Ursula K.Le Guin, evet mitlerin ve bilimkurgunun karaliçesidir hatta okuduğumuz pasajlardan, bunun kabulünün insanlık için zor olduğunu anlatır. Fakat daha önemli bir sorun vardıysa o da bir kadının bilimkurgu / fantastik türde yazıyor olmasıdır. Bu diğer bir kabul edilemez sorundur onun için
"Para kazanın. Kendinize ait bir oda ve boş zaman yaratın. Ve yazın, erkekler ne der diye düşünmeden yazın KADINLAR."
"...Yazmak her şeyin içindeydi. Ama bu yüzden her şeye tâbiydi de, herhangi küçük bir zorunluluk için bir kenara itilebilirdi. Kendine ait bir masam yoktu, içinde çalışabileceğim bir odam hiç yoktu. Defterim elimde tüm aileye ait masanın bir köşesinde otururdum, her şey sanki ben kitap yazmıyormuşum da gömlek dikiyormuşum gibi olup bitmeye devam ederdi... Annem daima elinde örgüsü oturur, orada kim varsa onunla konuşurdu. Ben de konuşmadan payımı alır, hiçbir şey olmuyormuş gibi bir yandan da hikâyeme devam ederdim."

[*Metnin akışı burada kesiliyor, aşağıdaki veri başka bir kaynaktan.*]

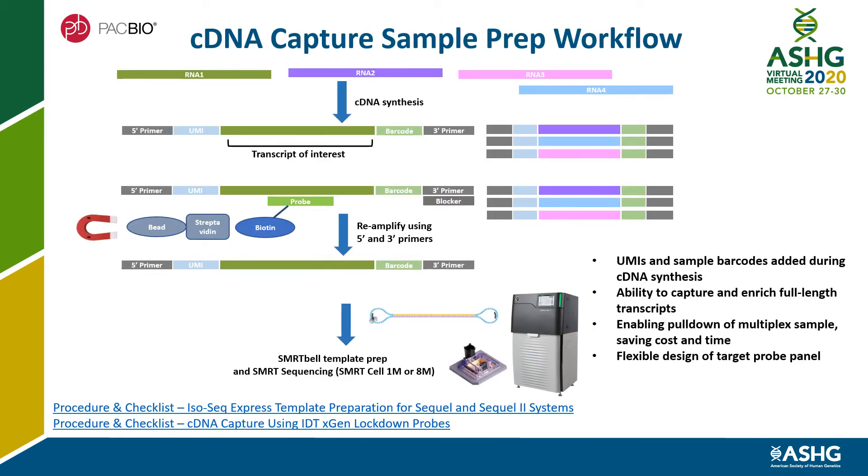The cDNA capture workflow starts with either polyA or total RNA, going through cDNA synthesis using the PacBio IsoSeq Express workflow to generate double-stranded cDNA, adding a UMI on the 5' end and sample barcode on the 3' end. A customized design panel of biotinylated probes will pull down full-length transcripts of interest. Streptavidin beads are used to pull out the probe and target cDNA complex and reamplify with a second round PCR. The capture product can then go through SMRTBio library prep and sequencing.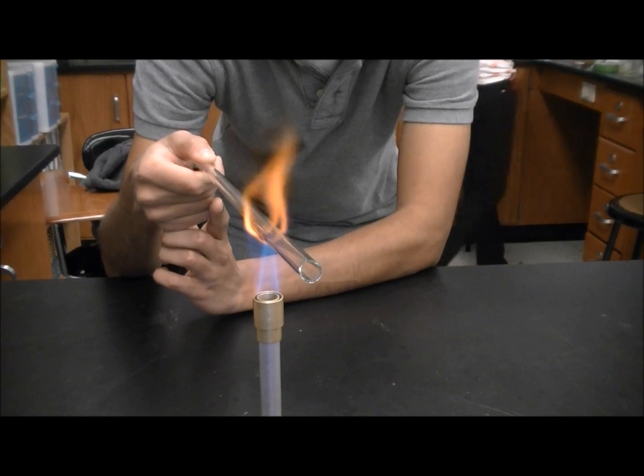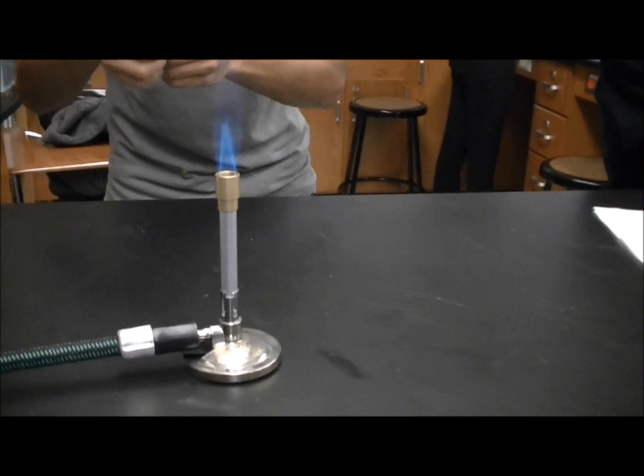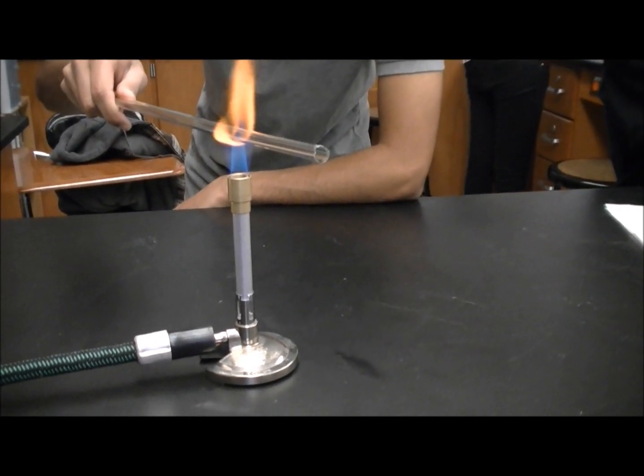Like right there. That's supposed to be like that? I think the flame is just like losing temperature — they're making a salt bridge.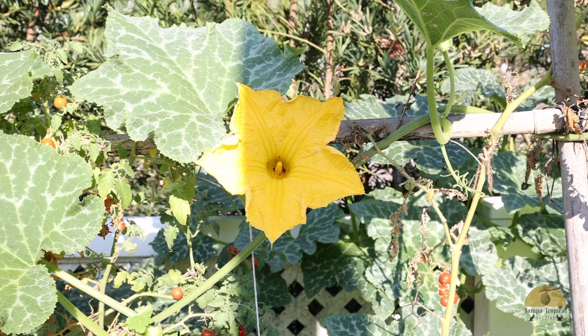Did you know that Seminole pumpkin flowers are edible? You can eat them fresh or add them to salads or dishes. Just look up the recipes.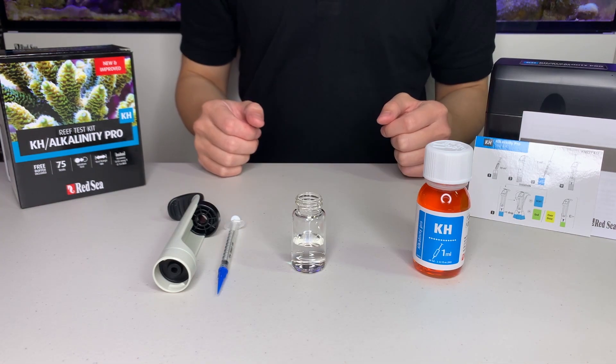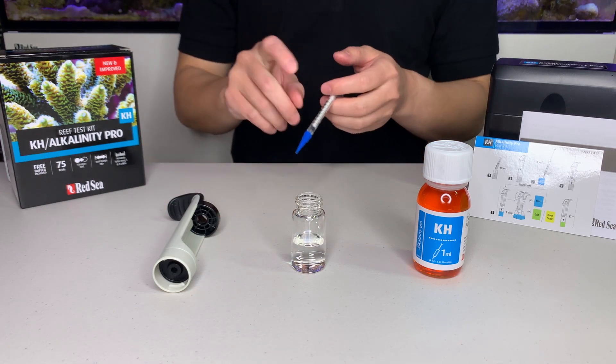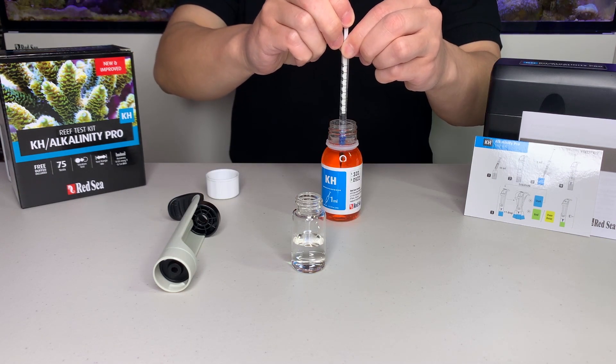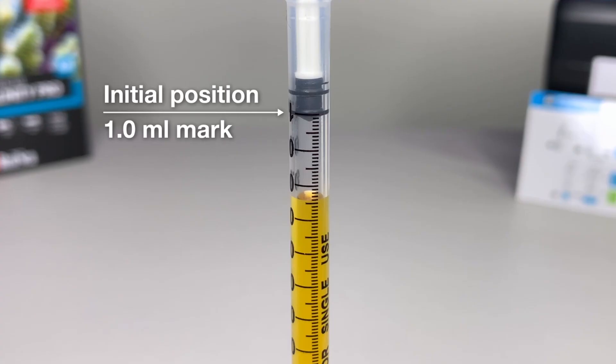We are now going to prepare the titration. Use the 1 ml syringe provided to take 1 ml of titrant. Make sure the bottom of the plunger is at the 1 ml mark. Here's a close-up so you can see where the plunger should be sitting.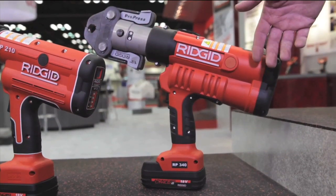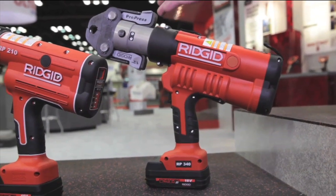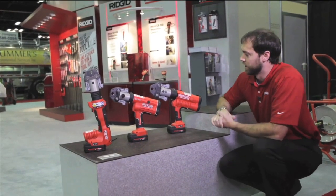The RP340 will do half-inch to four-inch stainless steel and copper. It'll do half-inch to two-inch black pipe with the additional mega press kit. It'll also do two and a half-inch to four-inch cast soil pipe with a cutter.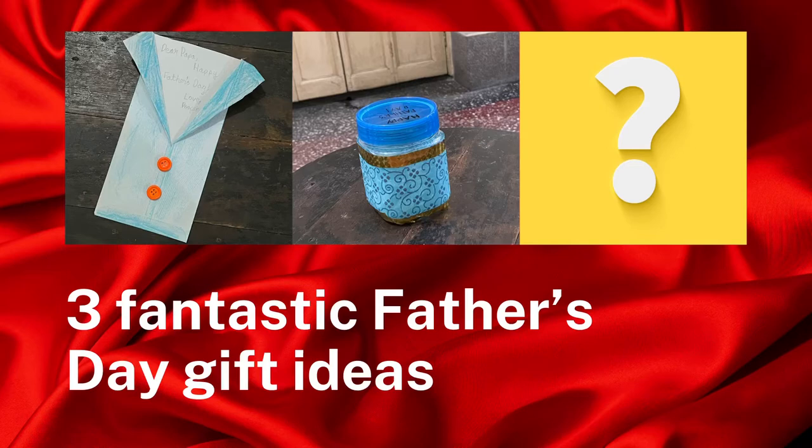Hey guys, today I am going to show you three fantastic Father's Day gift ideas. And just to tell you, that question mark stands for a surprise at the end of the video. So let's start.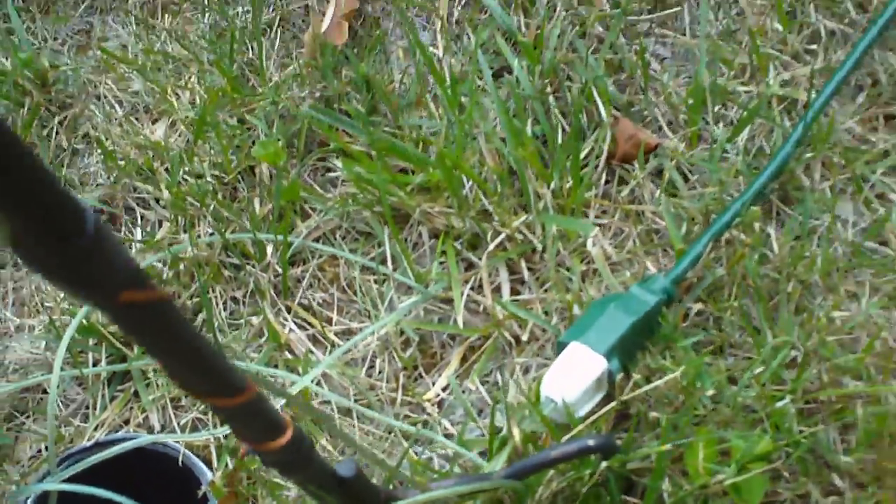And we've got that on the old extension cord. What we hope to have happen is we're going to have a little visit here pretty soon.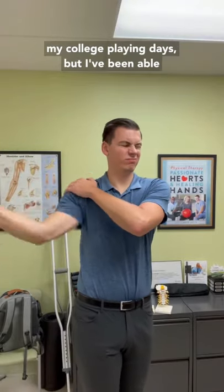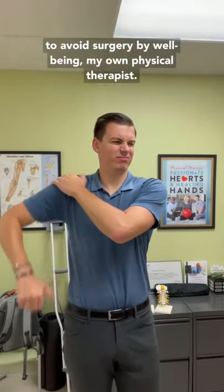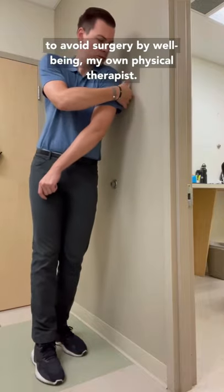I've had a partially torn rotator cuff since my college playing days, but I've been able to avoid surgery by being my own physical therapist.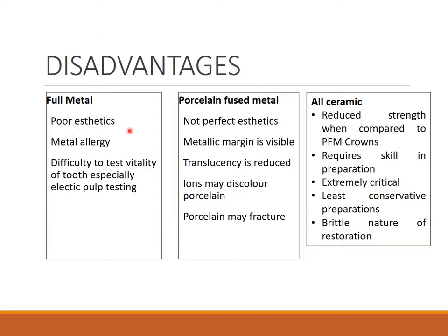Coming to disadvantages: full metal has very poor aesthetics because there is metal, chances of metal allergy, and difficulty in testing the vitality of the tooth, especially by electric pulp testing. For PFM, aesthetics is not perfect but acceptable — sometimes metallic margins are visible, translucency is much lesser than all ceramic, and there may be discoloration in the porcelain layer. Porcelain fracture is a common finding in PFM crowns.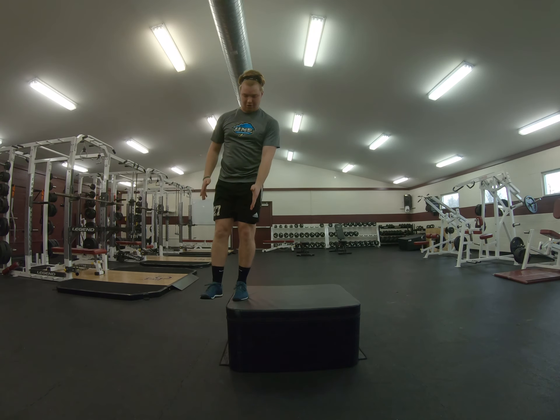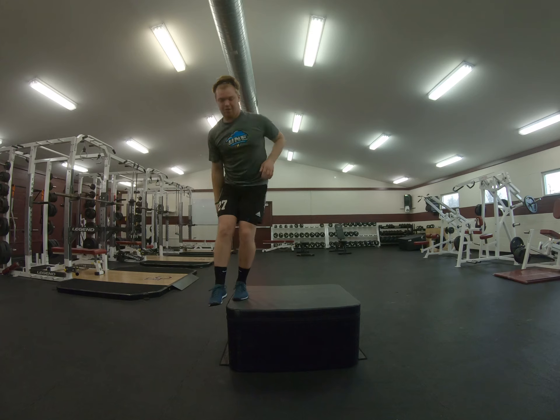When you do this, you want to make sure that you make that knee go nice and straight out in front of you. You don't want to go up at an angle — you want that knee to go nice and straight, tap down, and come back up.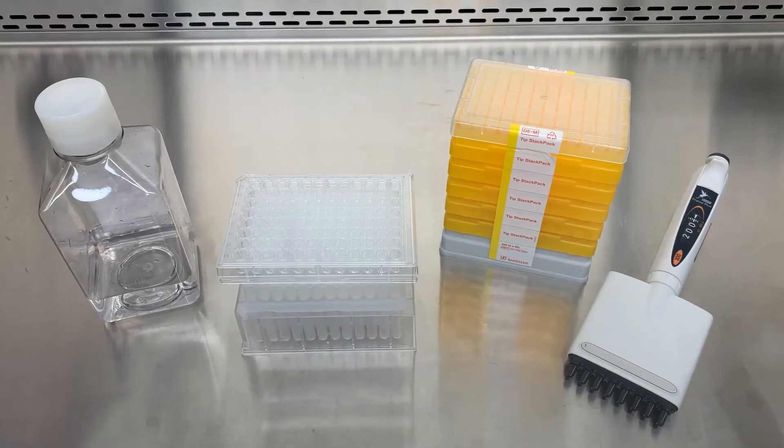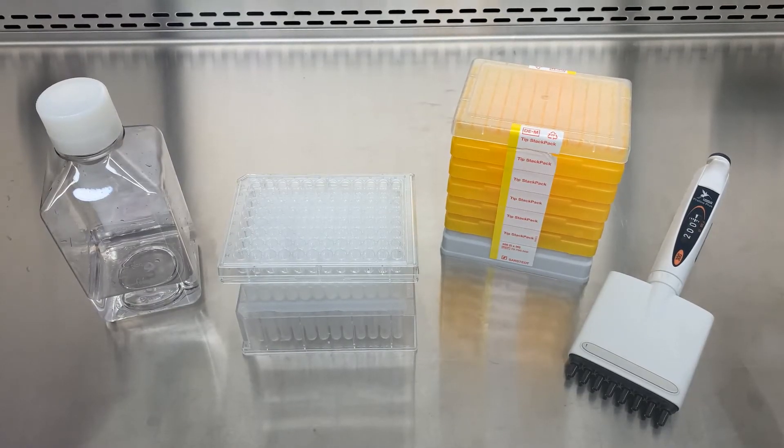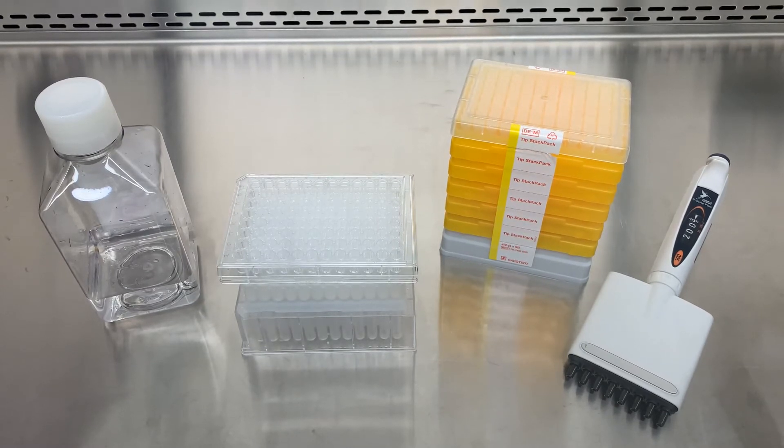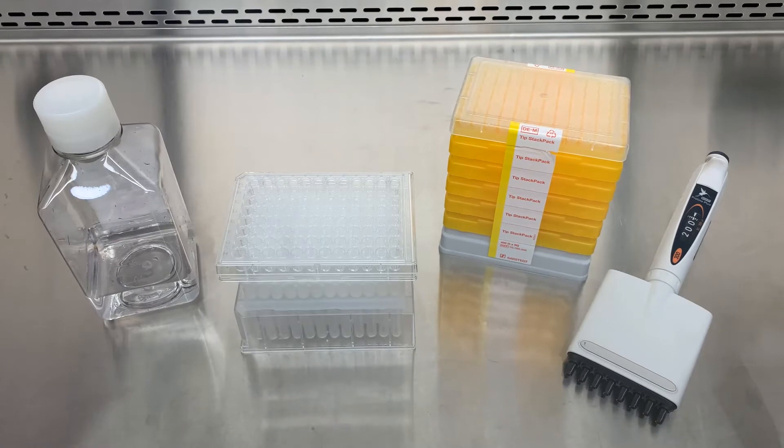In addition to the materials provided, phosphate buffered saline and a multi-channel pipette that can be used at a volume of up to 250 microlitres are required.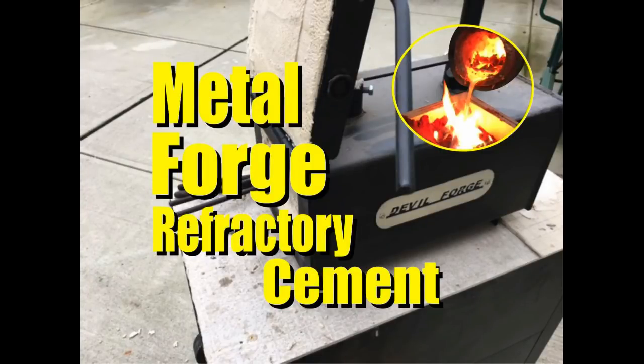Welcome to DIYEasyCrafts.com. Today we're going to take a look at coating the inside of a metal forge with refractory cement.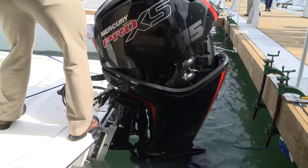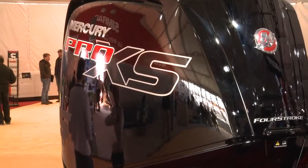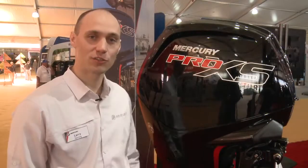The transom is rated for 115 horsepower, so this would be a great repower option. If you're running pontoons, bass boats, anywhere in freshwater or saltwater, it would be a great option for you. If you want more information about the newest edition, the 115 Pro XS, visit MercuryMarine.com or visit your local dealer.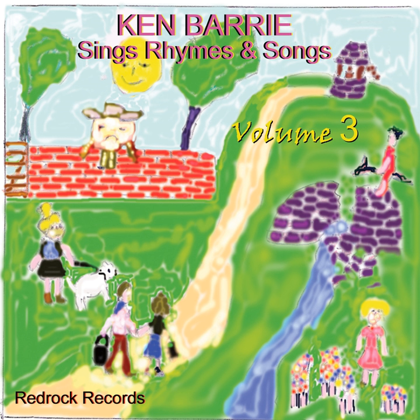How many eggs does grandma take to make a Yorkshire pudding? Daddy says one and mummy says two for grandma's Yorkshire pudding.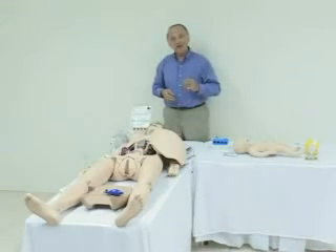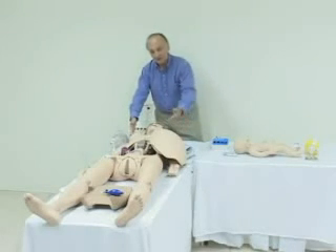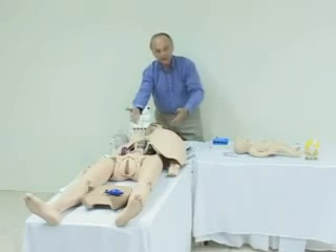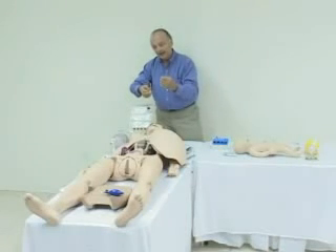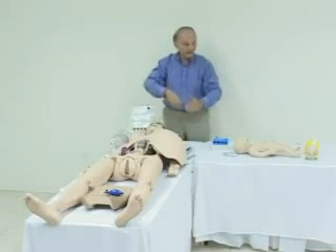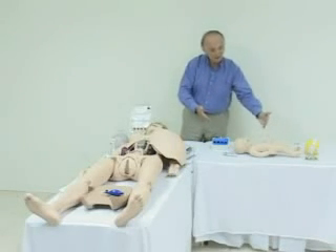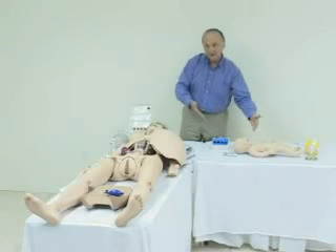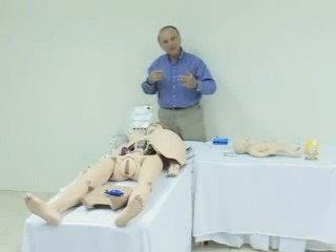Now let's review. The Noelle 550 contains the articulating adult, the automatic birthing mechanism, the birthing fetus that births from the ROA position, the placenta, the removable cervix and vulval inserts, the device for doing Leopold maneuvers, as well as the neonate that can be intubated orally or nasally and via umbilicus, as well as CPR. The 550 and the 551 are two of the five systems we've developed for obstetrics and management of obstetrical emergencies. Thank you. We hope you've enjoyed the show.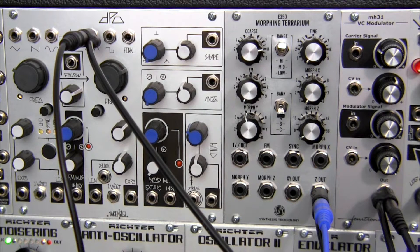Welcome back to another episode of Modular Wild. I am Raul. Today we're going to be doing an audio demonstration with the Phonotronic MH31 voltage-controlled modulator.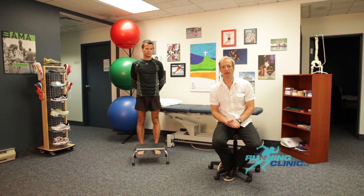Hello, my name is Blaise Dubois. I'm a physiotherapist specializing in running injury prevention and treatment. Today, our short segment will focus on the neuro-proprioceptive taping to treat patellofemoral pain syndrome.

"Bana gelince: diyor Ursula K. Le Guin, Üç çocuk doğurup yaklaşık yirmi kitap yazarak (Tanrı'ya şükür tersi olmadı) "ya kitap ya bebek" kuralına alenen karşı çıktım. Irk, sınıf, para ve sağlığın getirdiği talihle çifte ip cam bazlığını yapabildim, özellikle de eşimin desteği sayesinde."
"Katil budur: Erkeğin, kadının kendi hizmetine, onun için, onun bedenini, onun rahatını, onun çocuklarını beslemeye yönelik olmadan yaptığı herhangi bir şeye karşı genellikle duyduğu, duyması mazur görülen, duyması öğretilen öldürücü kin, haset, kıskançlık, garez."